■ Exercise instructions: Below is a listing; retype exactly the line with "Die georgischen Kandidatinnen" and every line after it through the end, and only those, leaving out the pictures.
━━━━━ Data provided ━━━━━
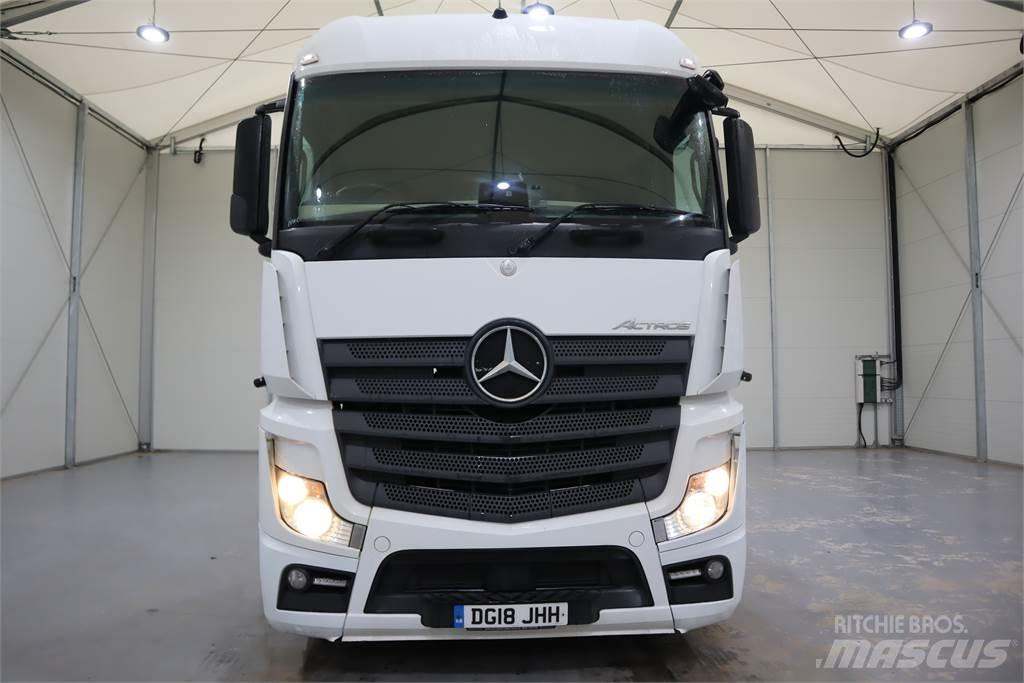 Mercedes-Benz Actros 2545 牵引车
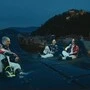 Die georgischen Kandidatinnen und Kandidaten von Bzikebi beim Chillen am Dach des Grazer Kunsthauses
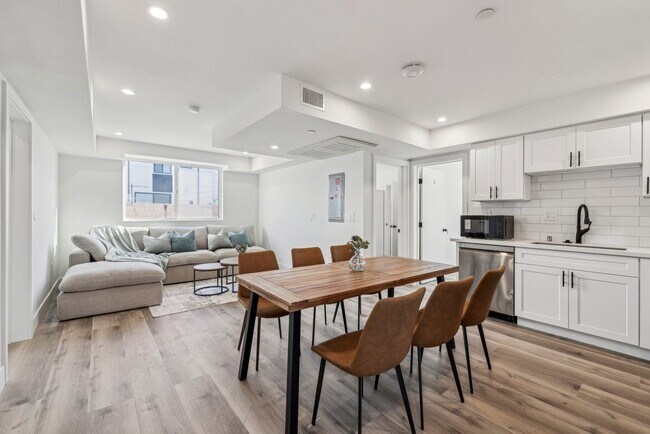 Photo - MH 1151 W 37th Dr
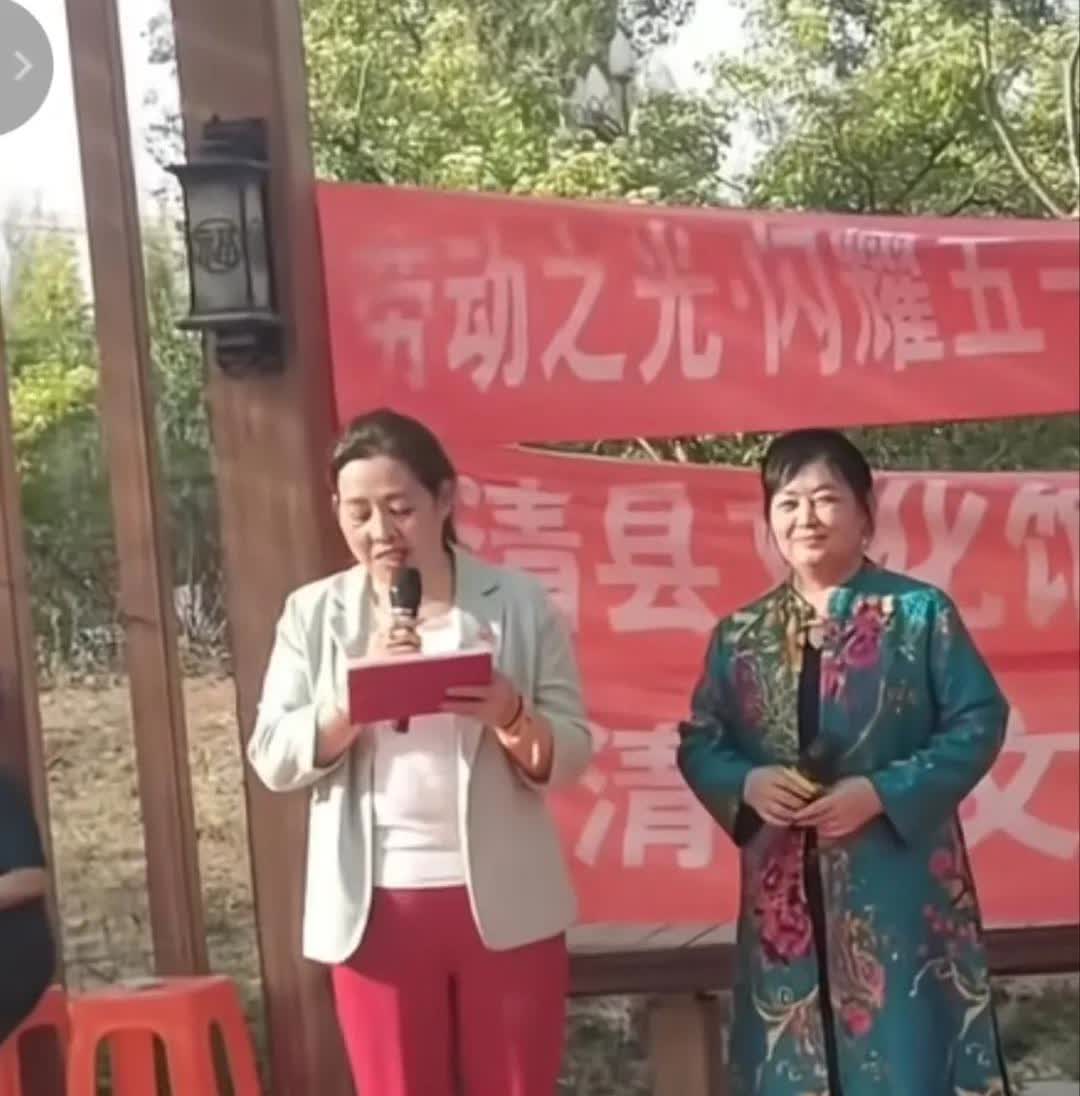 关注赵丽颖这么久了，头一回看到她母亲的长相，原来赵丽颖是随母亲的，笑眯眯的和蔼可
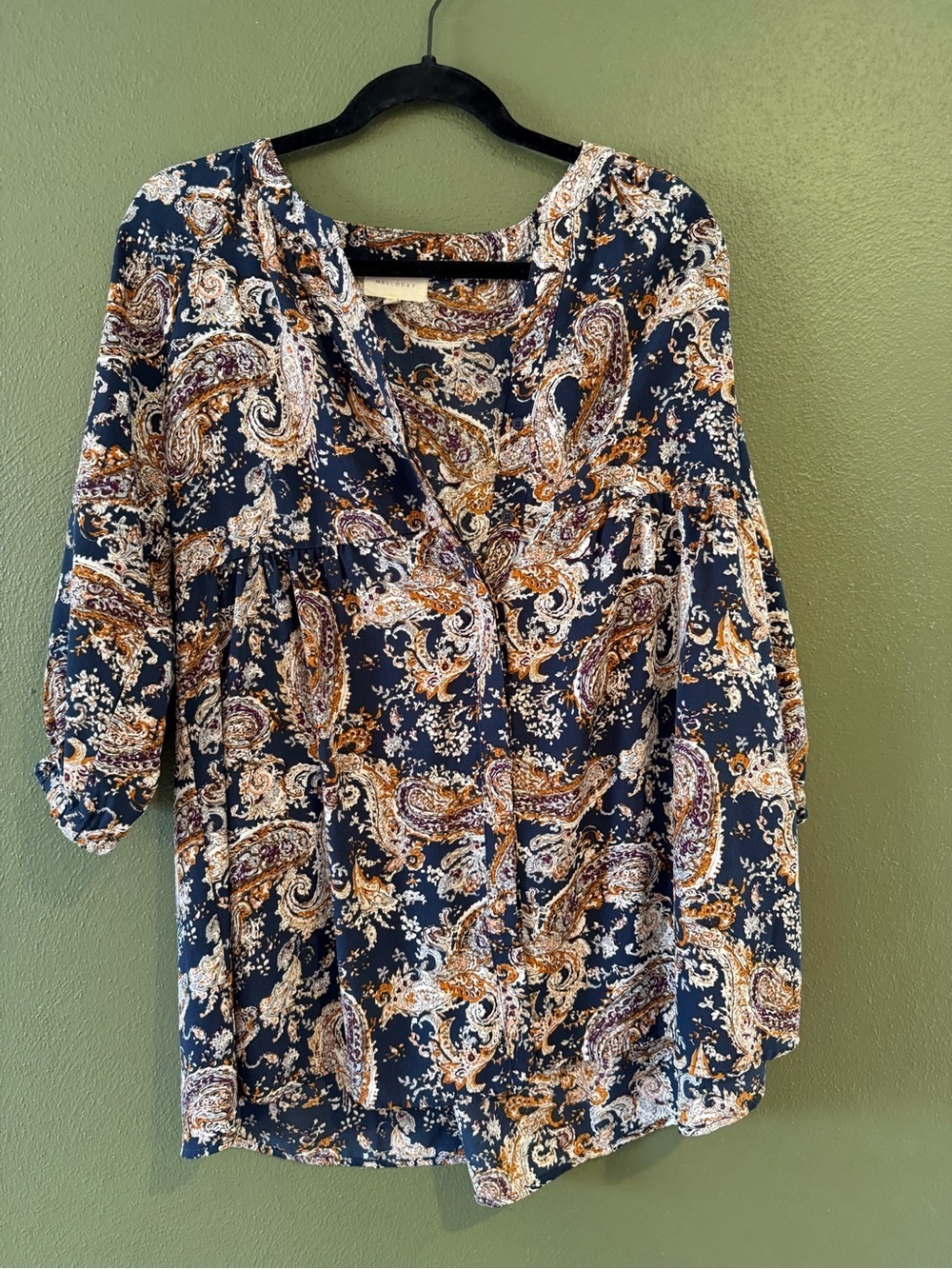MELLODAY Navy Paisley V-Neck Button Blouse with Cream & Tan Accents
━━━━━
■ Answer section:
 Die georgischen Kandidatinnen und Kandidaten von Bzikebi beim Chillen am Dach des Grazer Kunsthauses
 Photo - MH 1151 W 37th Dr
 关注赵丽颖这么久了，头一回看到她母亲的长相，原来赵丽颖是随母亲的，笑眯眯的和蔼可
MELLODAY Navy Paisley V-Neck Button Blouse with Cream & Tan Accents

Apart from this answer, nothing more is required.